# [AIM OF THE TASK]
This exercise calls for the line with "25/04/2024 Autopista General", the line with "Apartments Villa Agape วีร์ ภายนอก รูปภาพ", and all lines between them in the material below, output exactly and with no other lines.

[GIVEN RECORDS Boundary: Start]

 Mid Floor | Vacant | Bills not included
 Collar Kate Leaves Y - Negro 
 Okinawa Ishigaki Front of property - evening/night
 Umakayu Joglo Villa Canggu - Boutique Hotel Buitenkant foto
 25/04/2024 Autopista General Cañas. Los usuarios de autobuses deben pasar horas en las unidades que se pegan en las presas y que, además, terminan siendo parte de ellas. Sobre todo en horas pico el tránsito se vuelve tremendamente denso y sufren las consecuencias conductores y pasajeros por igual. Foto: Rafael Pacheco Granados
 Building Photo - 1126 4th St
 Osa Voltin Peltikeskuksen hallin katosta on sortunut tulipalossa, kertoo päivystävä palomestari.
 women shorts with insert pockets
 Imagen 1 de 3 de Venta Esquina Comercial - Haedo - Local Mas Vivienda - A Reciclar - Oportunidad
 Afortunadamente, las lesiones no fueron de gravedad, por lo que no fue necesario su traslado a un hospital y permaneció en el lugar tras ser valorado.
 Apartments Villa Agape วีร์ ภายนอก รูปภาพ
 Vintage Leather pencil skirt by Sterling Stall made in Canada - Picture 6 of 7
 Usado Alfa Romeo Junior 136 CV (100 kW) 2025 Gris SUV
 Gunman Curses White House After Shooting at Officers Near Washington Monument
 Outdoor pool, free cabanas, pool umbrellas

[GIVEN RECORDS Boundary: End]

# [RESPONSE]
 25/04/2024 Autopista General Cañas. Los usuarios de autobuses deben pasar horas en las unidades que se pegan en las presas y que, además, terminan siendo parte de ellas. Sobre todo en horas pico el tránsito se vuelve tremendamente denso y sufren las consecuencias conductores y pasajeros por igual. Foto: Rafael Pacheco Granados
 Building Photo - 1126 4th St
 Osa Voltin Peltikeskuksen hallin katosta on sortunut tulipalossa, kertoo päivystävä palomestari.
 women shorts with insert pockets
 Imagen 1 de 3 de Venta Esquina Comercial - Haedo - Local Mas Vivienda - A Reciclar - Oportunidad
 Afortunadamente, las lesiones no fueron de gravedad, por lo que no fue necesario su traslado a un hospital y permaneció en el lugar tras ser valorado.
 Apartments Villa Agape วีร์ ภายนอก รูปภาพ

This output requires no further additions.